(Exercise aim):
The answer must be an exact copy of every record.

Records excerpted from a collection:
━━━

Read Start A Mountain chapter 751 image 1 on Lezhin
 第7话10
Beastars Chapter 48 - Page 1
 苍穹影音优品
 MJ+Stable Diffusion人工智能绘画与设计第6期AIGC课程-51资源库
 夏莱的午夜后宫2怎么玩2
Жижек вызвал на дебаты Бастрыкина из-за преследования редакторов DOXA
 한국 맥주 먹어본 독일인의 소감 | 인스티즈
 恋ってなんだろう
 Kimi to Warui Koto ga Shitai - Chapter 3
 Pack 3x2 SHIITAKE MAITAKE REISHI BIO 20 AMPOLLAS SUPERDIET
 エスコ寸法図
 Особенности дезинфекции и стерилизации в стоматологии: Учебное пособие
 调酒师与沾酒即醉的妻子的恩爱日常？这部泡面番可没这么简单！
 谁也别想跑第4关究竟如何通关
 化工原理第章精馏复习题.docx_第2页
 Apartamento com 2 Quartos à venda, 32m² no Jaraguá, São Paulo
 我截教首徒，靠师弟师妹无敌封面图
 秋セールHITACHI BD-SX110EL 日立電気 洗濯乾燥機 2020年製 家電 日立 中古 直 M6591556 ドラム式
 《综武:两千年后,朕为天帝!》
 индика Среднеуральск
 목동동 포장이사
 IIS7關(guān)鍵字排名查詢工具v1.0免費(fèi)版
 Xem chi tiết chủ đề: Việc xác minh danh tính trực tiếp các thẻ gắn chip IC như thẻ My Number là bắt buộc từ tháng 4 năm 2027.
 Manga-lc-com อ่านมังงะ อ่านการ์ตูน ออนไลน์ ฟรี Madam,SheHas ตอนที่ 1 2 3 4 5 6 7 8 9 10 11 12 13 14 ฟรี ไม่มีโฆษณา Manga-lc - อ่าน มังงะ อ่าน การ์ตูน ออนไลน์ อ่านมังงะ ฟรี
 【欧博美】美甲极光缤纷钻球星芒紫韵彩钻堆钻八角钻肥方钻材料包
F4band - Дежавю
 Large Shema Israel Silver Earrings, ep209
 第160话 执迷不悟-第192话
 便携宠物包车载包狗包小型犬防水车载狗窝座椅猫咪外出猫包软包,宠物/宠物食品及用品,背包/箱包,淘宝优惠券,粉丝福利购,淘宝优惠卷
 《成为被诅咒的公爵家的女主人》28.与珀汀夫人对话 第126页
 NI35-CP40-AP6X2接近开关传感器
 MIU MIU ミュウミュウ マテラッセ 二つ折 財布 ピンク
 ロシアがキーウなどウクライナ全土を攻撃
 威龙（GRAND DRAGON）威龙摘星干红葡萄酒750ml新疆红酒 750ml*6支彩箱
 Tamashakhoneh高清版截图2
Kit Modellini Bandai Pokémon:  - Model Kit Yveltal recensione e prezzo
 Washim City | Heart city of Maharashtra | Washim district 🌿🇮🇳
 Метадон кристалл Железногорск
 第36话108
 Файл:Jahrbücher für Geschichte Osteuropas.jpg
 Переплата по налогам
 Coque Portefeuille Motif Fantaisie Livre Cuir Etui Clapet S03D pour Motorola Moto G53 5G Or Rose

━━━

(Your response):
Read Start A Mountain chapter 751 image 1 on Lezhin
 第7话10
Beastars Chapter 48 - Page 1
 苍穹影音优品
 MJ+Stable Diffusion人工智能绘画与设计第6期AIGC课程-51资源库
 夏莱的午夜后宫2怎么玩2
Жижек вызвал на дебаты Бастрыкина из-за преследования редакторов DOXA
 한국 맥주 먹어본 독일인의 소감 | 인스티즈
 恋ってなんだろう
 Kimi to Warui Koto ga Shitai - Chapter 3
 Pack 3x2 SHIITAKE MAITAKE REISHI BIO 20 AMPOLLAS SUPERDIET
 エスコ寸法図
 Особенности дезинфекции и стерилизации в стоматологии: Учебное пособие
 调酒师与沾酒即醉的妻子的恩爱日常？这部泡面番可没这么简单！
 谁也别想跑第4关究竟如何通关
 化工原理第章精馏复习题.docx_第2页
 Apartamento com 2 Quartos à venda, 32m² no Jaraguá, São Paulo
 我截教首徒，靠师弟师妹无敌封面图
 秋セールHITACHI BD-SX110EL 日立電気 洗濯乾燥機 2020年製 家電 日立 中古 直 M6591556 ドラム式
 《综武:两千年后,朕为天帝!》
 индика Среднеуральск
 목동동 포장이사
 IIS7關(guān)鍵字排名查詢工具v1.0免費(fèi)版
 Xem chi tiết chủ đề: Việc xác minh danh tính trực tiếp các thẻ gắn chip IC như thẻ My Number là bắt buộc từ tháng 4 năm 2027.
 Manga-lc-com อ่านมังงะ อ่านการ์ตูน ออนไลน์ ฟรี Madam,SheHas ตอนที่ 1 2 3 4 5 6 7 8 9 10 11 12 13 14 ฟรี ไม่มีโฆษณา Manga-lc - อ่าน มังงะ อ่าน การ์ตูน ออนไลน์ อ่านมังงะ ฟรี
 【欧博美】美甲极光缤纷钻球星芒紫韵彩钻堆钻八角钻肥方钻材料包
F4band - Дежавю
 Large Shema Israel Silver Earrings, ep209
 第160话 执迷不悟-第192话
 便携宠物包车载包狗包小型犬防水车载狗窝座椅猫咪外出猫包软包,宠物/宠物食品及用品,背包/箱包,淘宝优惠券,粉丝福利购,淘宝优惠卷
 《成为被诅咒的公爵家的女主人》28.与珀汀夫人对话 第126页
 NI35-CP40-AP6X2接近开关传感器
 MIU MIU ミュウミュウ マテラッセ 二つ折 財布 ピンク
 ロシアがキーウなどウクライナ全土を攻撃
 威龙（GRAND DRAGON）威龙摘星干红葡萄酒750ml新疆红酒 750ml*6支彩箱
 Tamashakhoneh高清版截图2
Kit Modellini Bandai Pokémon:  - Model Kit Yveltal recensione e prezzo
 Washim City | Heart city of Maharashtra | Washim district 🌿🇮🇳
 Метадон кристалл Железногорск
 第36话108
 Файл:Jahrbücher für Geschichte Osteuropas.jpg
 Переплата по налогам
 Coque Portefeuille Motif Fantaisie Livre Cuir Etui Clapet S03D pour Motorola Moto G53 5G Or Rose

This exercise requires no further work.